Lemma 1 (Termination)
The algorithm terminates.

Note that each node removed from the priority queue at line 13 is
inserted into the closed set $C$ at line 18. Now, the line 23 will not
reintroduce the same node to $Q$ and so, $Q$ eventually becomes empty (unless
the algorithm terminates earlier in case the required potential is collected).

Lemma 2 (Optimality)
The algorithm finds most cost-effective loans.

The effective interest rate function $I$ implicitly defines a transitive closure
from any actor $u \neq a$ to $a$ assuming the effective interest rate of $u$ is
within the constraint $I(u, a) \leq i$. That way, $a$ loans from all affordable
parents (immediate or intermediate) in a greedy fashion: lend as much as possible
from the most affordable actor, then lend as much as possible from the second most
affordable actor, and so on until the requested potential is collected or there are
no more affordable lenders left. It is easy to see that such strategy minimizes
interest expenses.

Lemma 3 ($d$ is acyclic)
Given a solution direction function $d$,
there exist no actor sequence $\langle u_1, u_2, \dots, u_k \rangle$
such that $d(u_1) = u_2$, $d(u_2) = u_3$, $\dots$, $d(u_{k - 1}) = u_k$ and $d(u_k) = u_1$.

The only way for such a cycle to emerge is to have $\mathfrak{I}(u_1, u_2) =
\mathfrak{I}(u_2, u_3) = \dots = \mathfrak{I}(u_{k-1}, u_k) = \mathfrak{I}(u_k, u_1) = 0$, and to pass in $\infty$ as the required potential. Since it is reasonable
not to accept infinity for the requested potential, and we have the closed list around in the algorithm, this phenomenon cannot appear.
Without loss of generality, suppose the search enters the cycle via $u_1$. When $u_k$ will be
removed from the priority queue, the arc $(u_k, u_1)$ will be ignored by the line 20 since $u_1$ is in $C$, and
so, there is no way $d(u_k)$ could be mapped to $u_1$.

Lemma 4
The sum of all solution potentials cannot exceed $P$.

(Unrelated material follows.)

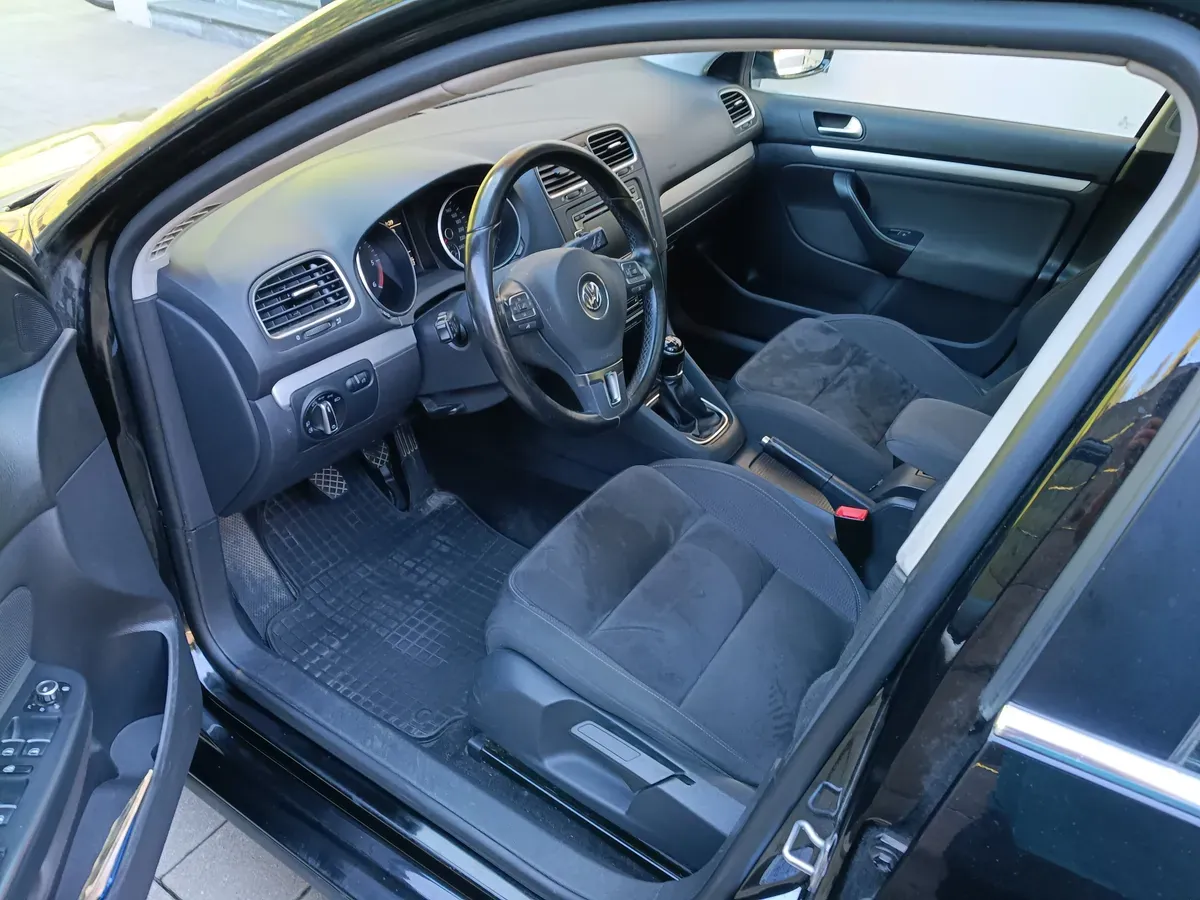 Volkswagen Golf 2012 photo 3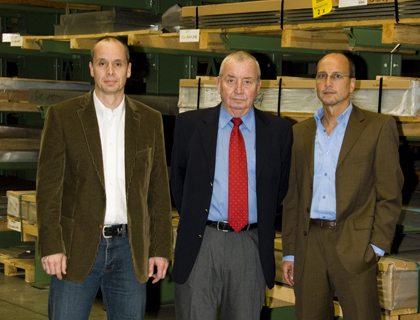 2004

This is trivially guaranteed by the line 14 and the second test at line 12.

#### 6 Running time analysis

All the operations except **Priority-Queue-Insert**
and **Priority-Queue-Extract-Minimum** run in $\mathcal{O}(1)$ time.
In particular, operations on $\pi, d$ and $C$ may be expected to run in $\mathcal{O}(1)$
on average by resorting to hash-table based maps and sets. With geometric expansion
scheme **[1]**, adding an element to a hash-table based data
structure runs in **amortized** $\mathcal{O}(1)$. (If the load factor reaches its
upper bound, the underlying storage array must be made larger.)

What comes to the priority queue $Q$, it clearly stores graph actors without copies
of a same actor. Now, if we choose a binary heap, both run in $\mathcal{O}(\log V)$ time.
**Priority-Queue-Insert** is called no more than $|E|$
times, and **Priority-Queue-Extract-Minimum** is called once per
node, and so we have the running time $\mathcal{O}(E \log V + V \log V) = \mathcal{O}(E \log V)$. By deploying
a Fibonacci heap instead, we may reduce this to $\mathcal{O}(E + V \log V)$.

#### 7 Future work

We used a very simple interest rate model in our solution, and so it leaves the case where the used interest rate model is more realistic. In general, with initial principal $\mathfrak{A}$, interest rate $r > 0$, the number of compound periods $n$ per time unit, and time since the moment the loan was issued $t$, the balance grows according to \[ \mathfrak{C} = \mathfrak{A}\Bigg( 1 + \frac{r}{n} \Bigg)^{\lfloor nt \rfloor}. \] Also, as $n \to \infty$, $\mathfrak{C} \to \mathfrak{A}e^{rt}$. Combining loans with different parameters in a meaningful way seems to be a non-trivial task but we might address it later.#### 8 References

**[1]**Keeping vectors efficient (Retrieved 2018-03-09.)